A few hearings convinced me I had to find this guy's album and add it to my meager array. I bought it, a bit puzzled by the young-punk picture on the jacket, but reassured by the rave review of a Dylan club appearance reprinted on the back. I spun the platter (people still talked like that) and discovered... whoa, a reedy, nasally voice packed with attitude, backed by some excellent guitar--blues and folky stuff but no other piece as compelling as Dylan's original, his tribute "Song to Woody."

But the album grew on me almost immediately, and I went home at spring break, back to Tacoma, eager to play it for friends and girl friend. Well, everybody hated it--ex-high school pals, my girl, my parents and sisters. They all dismissed him as some wiseass who couldn't sing. I refused to back down, arguing his case to anyone who would listen (but secretly doubting my own taste too).

Bob in hand, I returned to Northwestern for a few more months, until summer break and my official transfer to the University of Washington in Seattle. I kept playing his album, people kept shutting their doors... but I'd fallen for his trickster air, his seemingly amateurish performing style. So I kept watching for a new album to show up. And when Columbia announced the date of release, posted I guess at the record store I was frequenting, I was determined to be one of the first to buy Dylan Redux.

On release day, I scooped up a copy of The Freewheelin' Bob Dylan and took it straight to the turntable. Sitting there, trying to absorb, trying to dig his new songs, and also reading the liner notes, I gradually realized that the list of titles on the jacket and labels and the music in the grooves just didn't match up...

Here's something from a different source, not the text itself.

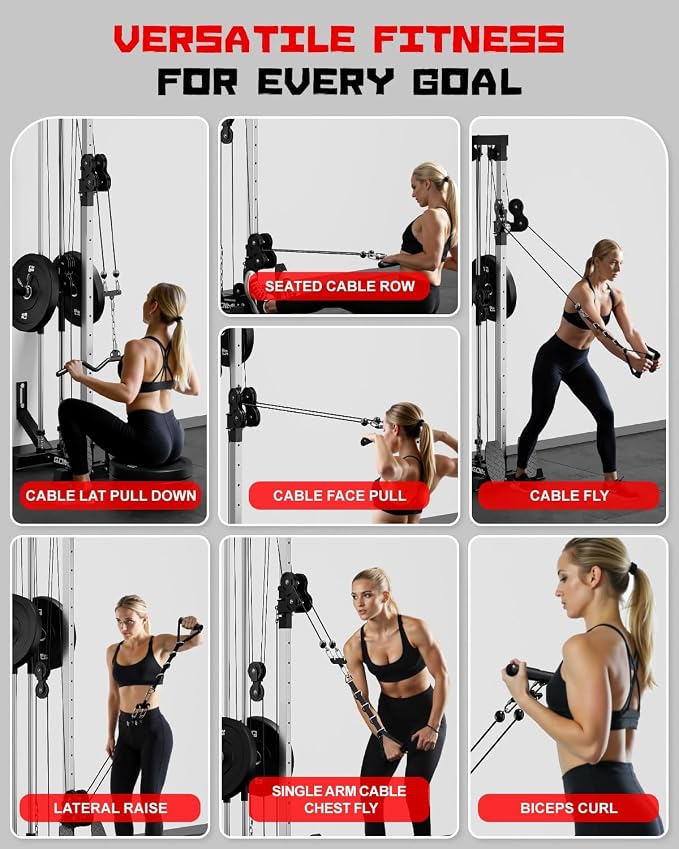 Wall Mount Cable Station, WM1 Cable Crossover Machine with 17 Positions, High and Low Cable Crossover Machine with Removable Footplate for Garage Home Gym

Maybe you can see where this is leading. Yes, I had in my possession one of the early, mistakenly released, tried-to-be-corrected copies of his second album, resulting when constraints applied by the Ed Sullivan Show, or complaints by Columbia's sales force, or Dylan's own last-minute second thoughts caused a new version of the album to be rushed into production; various reasons were given later.

Although the jacket list of titles and even the labels (in some cases) got changed, a few copies of the original disc still got shipped to the West Coast in the rush to meet the release date, creating copies like the one I bought that had four songs not matching. I had "Let Me Die in My Footsteps," "John Birch Society Blues" (the one rejected by Sullivan), "Rocks and Gravel," and "Gamblin' Willie" in the grooves instead of the four last-minute and available-ever-since substitutions.

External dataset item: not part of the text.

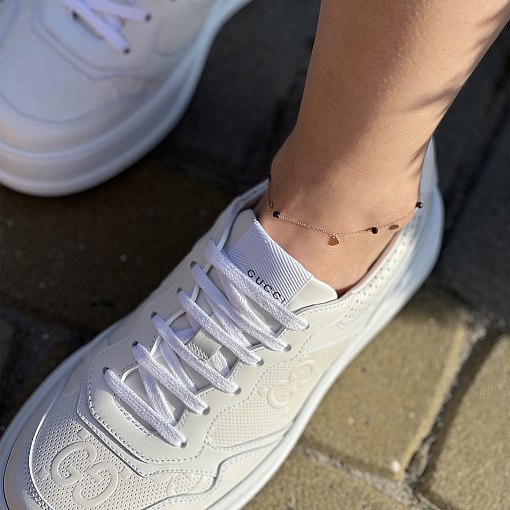 Золотой браслет "Сердечки" на ногу (фианиты) б04882 6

So what did I do? Of course. I returned it to the store as defective and got a copy that did have the correct titles and tracks. If we jump ahead 40 years, collectors everywhere would definitely die in their footsteps to find a copy like the one I gave back, fool that I was, back in the days when rock 'n roll or folk records were just stuff to play rather than cultural artifacts to preserve and collect. A copy as pristine as mine was would fetch around $15,000 now, it seems...

Oh well, easy come, easy go.

Back in the Sixties, I kept listening to Bob, even when he stopped writing protest songs and started with the personal and increasingly obscure stuff, and then--horrors--went electric. There was just something about the guy's whole gestalt that was amazing and magical. I was lucky enough to see him live for the first time when Joan Baez brought him out from the wings to sing a couple of songs with her--black leather gear, goofy cap, Charlie Chaplin insouciance, cocky grin and all. And over the years since, a few more times with The Band and other backing musicians... and rarely (did it happen or is it just wishful thinking on my part?) just Bob and his guitar.

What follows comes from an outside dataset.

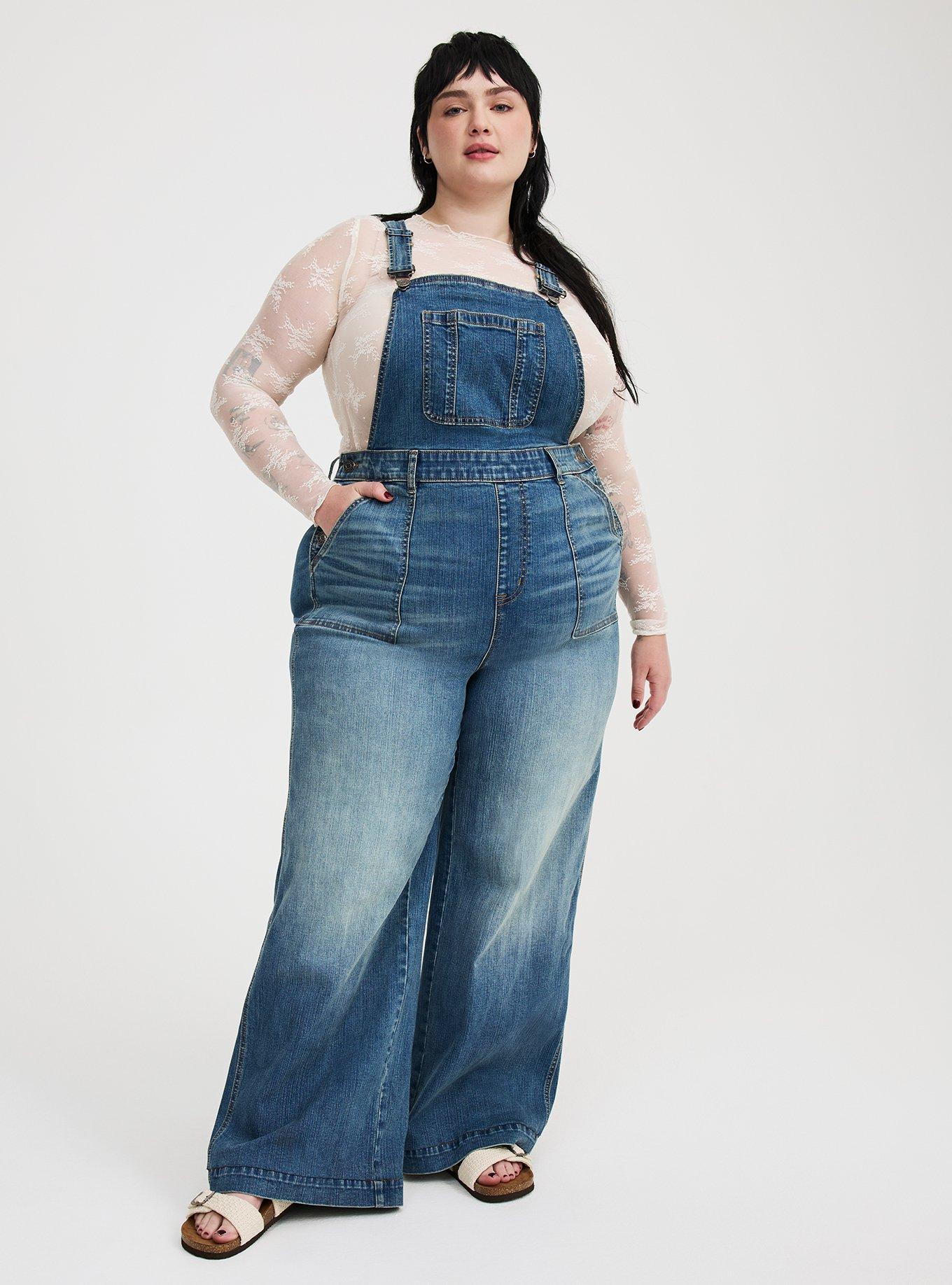 Wide-Leg Denim Overall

I'd pay a lot to see/hear Dylan lay down his weary tune once more, even if, as he sang in that perfect take he recorded but refused to issue for years, "no one can play the blues like Blind Willie McTell." Hit or miss, many misses in fact, once in a while Bob can still knock the fractured and fractious competition right into his old cocked cap.

2 comments:

Glen Michael Wilson said...

Hey I witness,

I know what you mean when you talk about the pre-electric Bob as opposed to the plugged in version.

It took some getting used to, for sure.

But there were times later on, when he went back down that acoustic road.

On his release; "Blood on the tracks." There were many fine forays into the acoustical forest.

Idiot wind;
Lily,Rosemary and the Jack of Hearts;
Buckets of rain;
If you see her;
Tangled up in blue;

Decidedly different from his early works but damn! He was still drawing from the same mystical/musical connection that set him apart from the vast majority of his contemporaries.

Except for that record though, I would have to say that 95 percent of his lyrics, and for me, it was always the lyrics, that grabbed me, and have hold of me to this very day are from his early, folk era.

Nice write.

IWitnessEd said...

thanks for the addendum and the reminder about Blood. but i also think Bob sorta came around in the last decade with a trio of more folkish albums which were excellent compared to many (most?) of his post-Sixties releases. many more music posts will appear over the months ahead.